Updated on March 27, 2020 — The California AG came out with a modified modified draft of the CCPA regulation on March 11, 2020. Most notably, a few of the changes in the February 7 draft were walked back. I will discuss the details below.
On Friday, February 7, 2020, the California AG dropped a new modified draft CCPA regulation. Comments are due by February 24, 2020 at 5 PM Pacific Time.
Here are some notable changes:
(1) IP Addresses Can Somehow Escape from Being Personal Information
New text of the regulation:
§ 999.302. Guidance Regarding the Interpretation of CCPA Definitions
(a) Whether information is “personal information,” as that term is defined in Civil Code section 1798.140, subdivision (o), depends on whether the business maintains information in a manner that “identifies, relates to, describes, is reasonably capable of being associated with, or could be reasonably linked, directly or indirectly, with a particular consumer or household.” For example, if a business collects the IP addresses of visitors to its website but does not link the IP address to any particular consumer or household, and could not reasonably link the IP address with a particular consumer or household, then the IP address would not be “personal information.”
This last sentence about IP addresses was stricken in the new modified CCPA regulation of March 11.
(2) Just-in-Time Notice
The regulation, at § 999.305(a)(4), include this example for using just-in-time notice:
When a business collects personal information from a consumer’s mobile device for a purpose that the consumer would not reasonably expect, it shall provide a just-in-time notice containing a summary of the categories of personal information being collected and a link to the full notice at collection. For example, if the business offers a flashlight application and the application collects geolocation information, the business shall provide a just-in-time notice, such as through a pop-up window when the consumer opens the application, which contains the information required by this subsection.

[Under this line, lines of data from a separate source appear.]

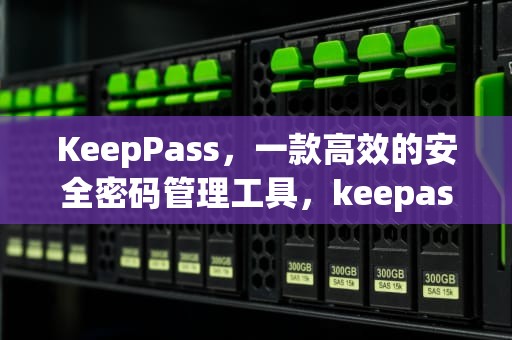 KeepPass，一款高效的安全密码管理工具，keepass安卓版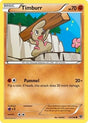 Timburr (65) - XY Base Set (XY)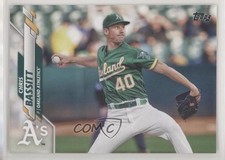 2020 Topps Chris Bassitt #578 01c9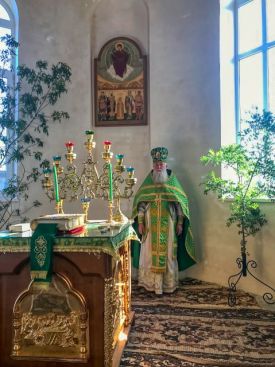 Праздник Святой Троицы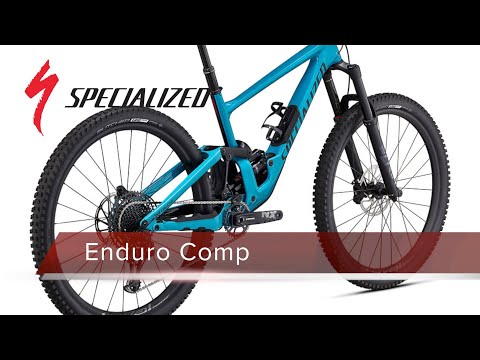 Specialized  2021 Enduro Comp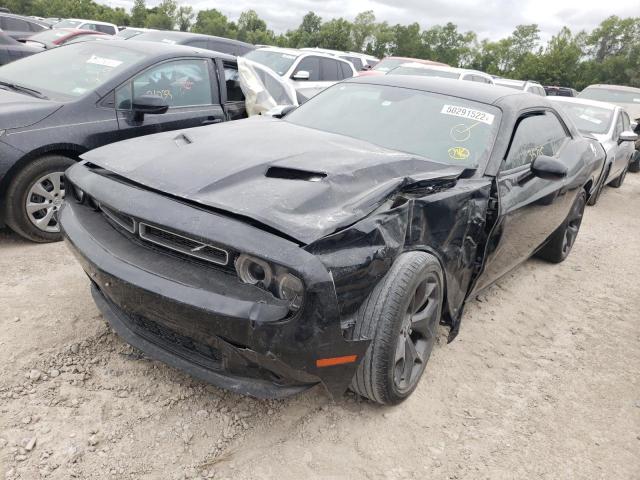 Photo 2 from auction – 2019 DODGE CHALLENGER with VIN 2C3CDZAG1KH587586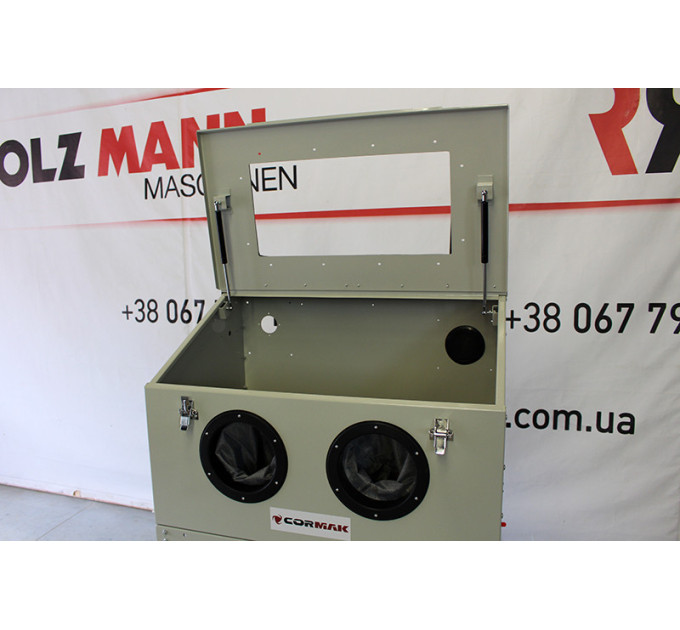 Піскоструминна камера Cormak KDP220 TOP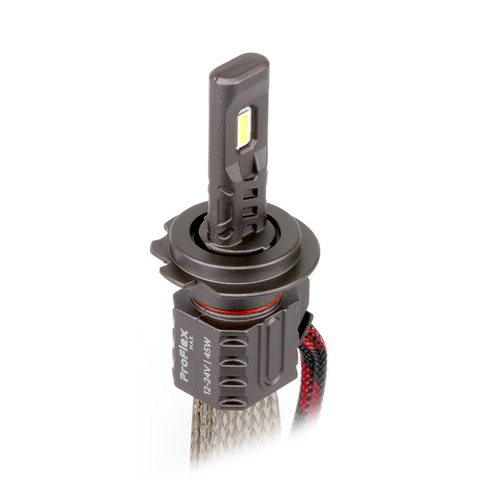 Светодиодные лампы H7/H18 MTF Light ProFLEX MAX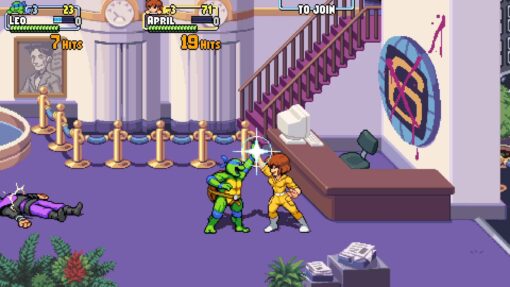 Teenage Mutant Ninja Turtles: Shredders Revenge - Image 3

Paul Schwartz and I propose a similar rule in our ALI Data Privacy Principles — we call it “heightened notice.”
(3) Notice to Employees Regarding Their Data
At § 999.305(e), the regulation provides:
(e) A business collecting employment-related information shall comply with the provisions of section 999.305 except with regard to the following:
(1) The notice at collection of employment-related information does not need to include the link or web address to the link titled “Do Not Sell My Personal Information” or “Do Not Sell My Info”.
(4) Weird Opt Out “Button”
There is a new confusing opt out “button” that’s not really a button but a toggle. From § 999.306(f):
This confusing “button” was removed in the new modified CCPA regulation of March 11.
(5) Notice of Financial Incentive Exception
Pursuant to § 999.307(a)(1):
A business that does not offer a financial incentive or price or service difference related to the disclosure, deletion, or sale of personal information is not required to provide a notice of financial incentive.
(6) Exception to Requirement of 2+ Methods for Submitting Requests to Know for Exclusively Online Businesses
The CCPA regulation, § 999.312(a), now contains a new exception to the requirement that businesses provide people with two or more methods for submitting requests to know:
A business that operates exclusively online and has a direct relationship with a consumer from whom it collects personal information shall only be required to provide an email address for submitting requests to know. All other businesses shall provide two or more designated methods for submitting requests to know, including, at a minimum, a toll-free telephone number. Other acceptable methods for submitting these requests include, but are not limited to, a designated email address, a form submitted in person, and a form submitted through the mail.
(7) Exceptions for Responding to a Request to Know
At § 999.313(c)(3), a new addition to the regulation states:
In responding to a request to know, a business is not required to search for personal information if all the following conditions are met:
a. The business does not maintain the personal information in a searchable or reasonably accessible format;
b. The business maintains the personal information solely for legal or compliance purposes;
c. The business does not sell the personal information and does not use it for any commercial purpose; and
d. The business describes to the consumer the categories of records that may contain personal information that it did not search because it meets the conditions stated above.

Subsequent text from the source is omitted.